Fig. 3 shows reconstructed EPs of a representative subject using 2, 10, 20, 50, 100 and 500 seeds extracted from the Helmholtz result. The selected seeds are primarily distributed in brain tissues rather than CSF. This is because CSF has much higher EP values, leading to larger contrast deviations near tissue boundaries that are rejected by the algorithm. In addition, most seeds are co-localized with large homogeneous parts of brain tissue, such as thalamus, putamen, cortical gray matter and major white matter fibers, which is intended by the algorithm design. In cases where seed number is smaller than 20, both conductivity and permittivity deviate significantly from the expected values. The reconstruction results stabilize when more than 20 seeds are chosen. The results do not demonstrate considerable sensitivity to the specific seed number chosen as long as more than 20 are used. In the stabilized image, ventricles are depicted well, and gray matter with higher EPs can be better differentiated from white matter.

Fig. 3.

Fig. 3.

Reconstructed conductivity and permittivity using Aug-EPT with different numbers of automatically selected seeds. Results are biased when using a small number of seeds, yet they converge when a large number is used.

Using 100 seeds per slice, six consecutive slices from the same subject are shown in Fig. 4. For conductivity maps, good consistency across all slices is observed, and the contrast follows T1w images well. Permittivity images are less consistent, especially for the images near the top and bottom of the imaging slab. Note that low EP values are consistently observed in the corpus callosum of the brain compared to other white matter areas, which may be attributed to the larger macromolecule content in this highly myelinated structure [42].

Fig. 4.

Fig. 4.

Reconstructed results of six consecutive slices. Conductivity shows superior consistency compared with permittivity. Results close to the central slice of the imaging slab is superior to those from the edge slices due to absence of truncation effects in z-direction.

gEPT methods are compared in Fig. 5. Conventional gEPT using one seed point in the putamen (red dot on T1w) yields EP maps similar to those by the proposed Aug-EPT method; however, reconstruction error increases in brain regions far away from the seed. For example, significant under-estimation of gray matter conductivity can be observed on the contralateral hemisphere. Moreover, conventional gEPT is sensitive to seed selection, as demonstrated in the second reconstruction trial using a differnet seed (blue dot on T1w) in cortical gray matter, which produces significantly elevated EP values. On the other hand, to examine the sensitivity of Aug-EPT to seed selection, the reconstruction was repeated using 100 randomly selected seeds. Compared to seeds chosen strategically using the proposed algorithm, random seeds introduce instability to the EP maps in terms of unpredictablely deviating from the true values.

Fig. 5.

Fig. 5.

Comparison of gEPT results. From left to right: T1w and seed locations for conventional gEPT; gEPT results using a single seed (red and blue, respectively); Aug-EPT results using 100 randomly chosen seeds; Aug-EPT results using 100 seeds chosen as proposed.

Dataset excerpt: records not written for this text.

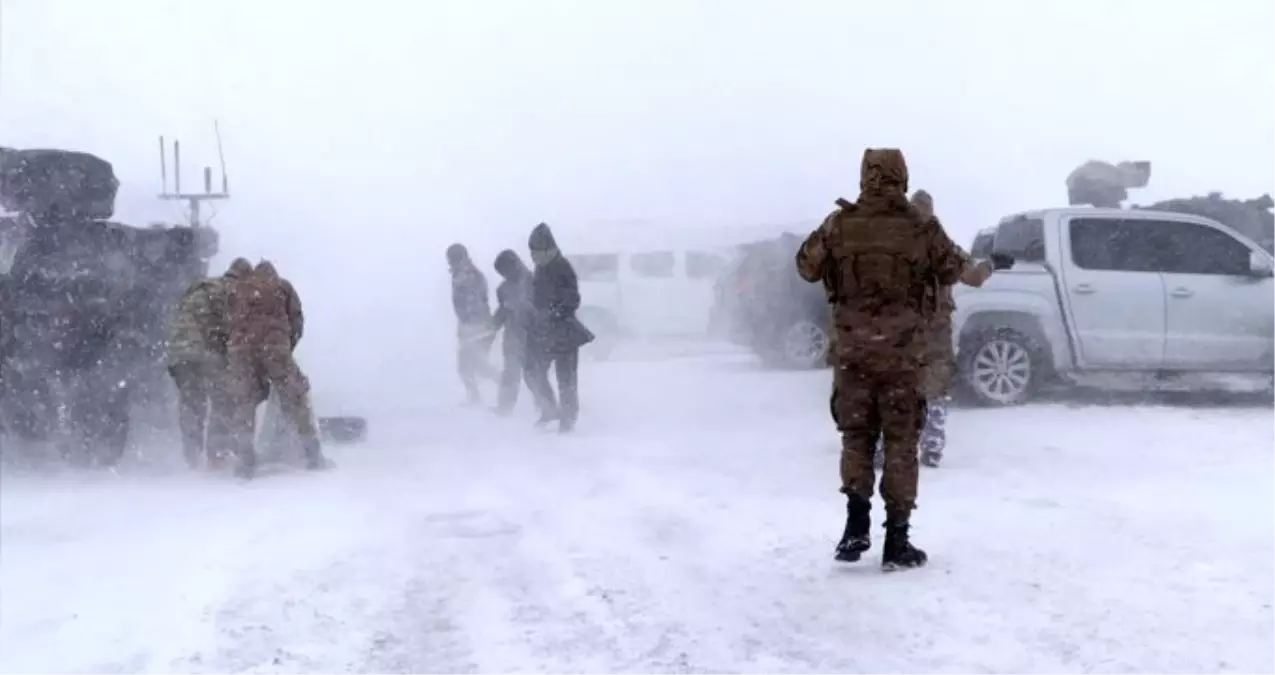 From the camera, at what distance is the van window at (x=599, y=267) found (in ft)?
80.4

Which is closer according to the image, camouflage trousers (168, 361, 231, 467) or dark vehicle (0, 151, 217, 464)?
camouflage trousers (168, 361, 231, 467)

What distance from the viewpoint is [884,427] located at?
19.5ft

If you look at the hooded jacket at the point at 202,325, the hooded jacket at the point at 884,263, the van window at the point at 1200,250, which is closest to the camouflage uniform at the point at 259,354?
the hooded jacket at the point at 202,325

Inter-subject statistics are plotted in Fig. 6, using three imaging slices close to the center of the imaging slab. Inter-subject variation is considerably large when a small number of seeds are used, yet it converges when more than as 20 seeds are used. Paired t-test shows no statistical significance between the results using 50 and 100 seeds for both conductivity and permittivity of all three brain compartments. The comparison between reconstructed EPs and ex vivo EP values reported in the literature consistently shows a clear discrepancy. The in vivo data show higher conductivity in gray matter and white matter, and lower conductivity in cerebral-spinal fluid compared to ex vivo values. The permittivity values obtained from these two approaches show relatively smaller discrepancies, with less than 15% difference for all brain compartments.

Fig. 6.

Fig. 6.

Box plots of mean reconstructed EP values of three brain compartments over subjects with various seed numbers. Dashed line denotes ex vivo EP values of the corresponding brain tissue at 298 MHz from [2]. Paired t-test was performed between results using 50 and 100 seeds in all three types of tissues. n.s. not significant.

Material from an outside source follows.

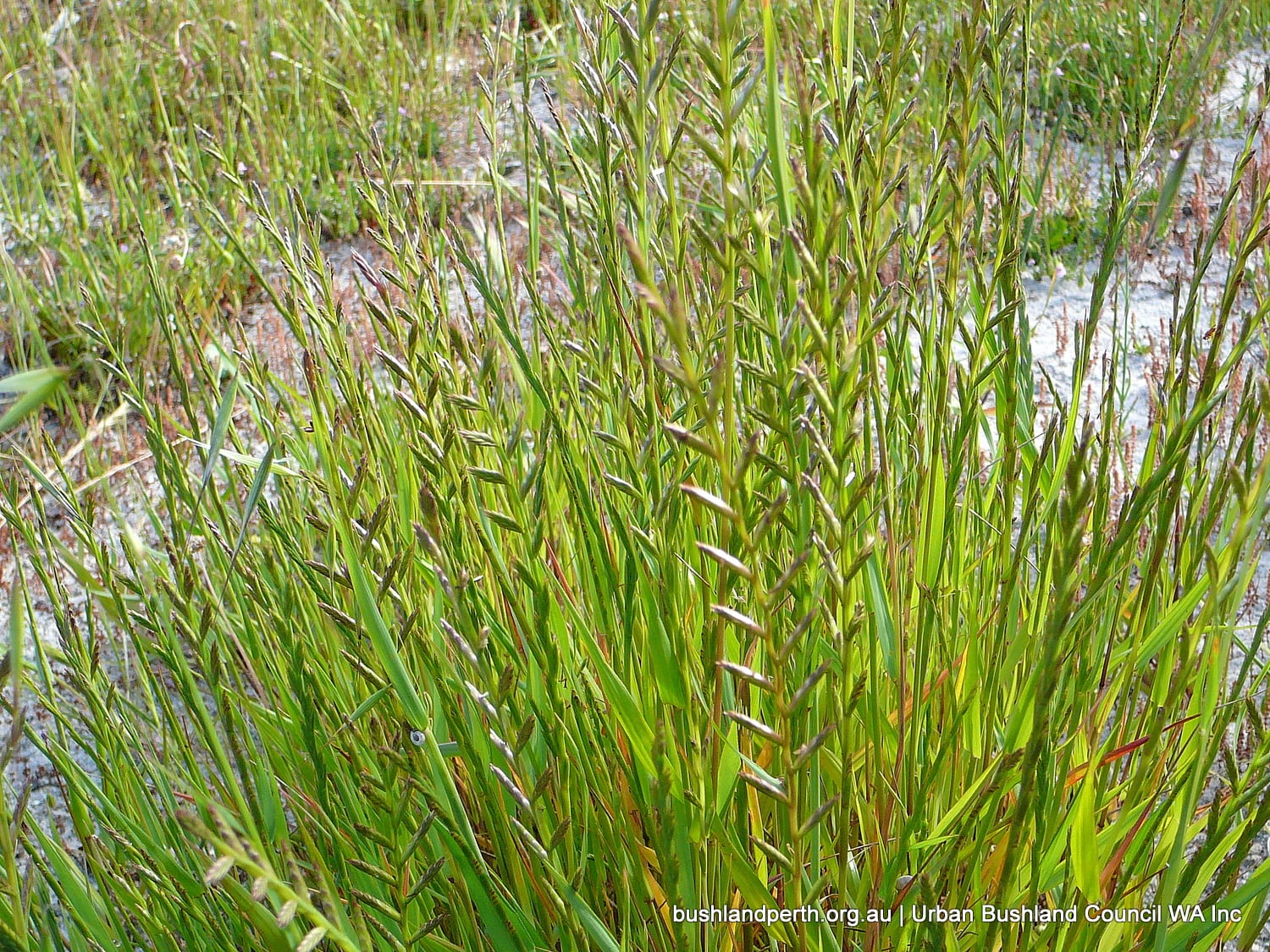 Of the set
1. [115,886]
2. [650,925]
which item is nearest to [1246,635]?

Reconstructed EPs in each brain compartment of each subject are shown as bars in Fig. 7. The quantitative statistics are reported and analyzed together with other EPT work in the following section.

Fig. 7.

Fig. 7.

Bar plots of reconstructed EP values of brain tissues in individual subjects. Data are shown as mean ± standard deviation inside region of interest. Black bars denote ex vivo EP values of the corresponding brain tissue at 298 MHz from [2].

3.3. Comparison to Literature Values

In vivo brain imaging results from healthy volunteers using EPT methods are summarized in Table 1 for conductivity and Table 2 for permittivity. Compared to a recently published review [43], this summary focuses on imaging results of normal brain, and categorizes data based on the B1 type (magnitude, phase or complex) and EPT type (Helmholtz equation or heterogeneous model) used in each study.

Table 1.

Human brain conductivity values at relevant frequencies in literature. Data is grouped based on the associated B0 field (operating RF frequency). The ex vivo measurement result is shown together with EPT results. “Phase” denotes phase-only approximation; “Complex” means both B1 phase and magnitude are used; “Heterogeneous” means EP variation is accounted for in the central equation. Data are shown as mean ± standard deviation over subjects for studies having more than two subjects. One sample two-tailed t-test was performed between in vivo values obtained in this study and the corresponding ex vivo values. ***p < 0.001.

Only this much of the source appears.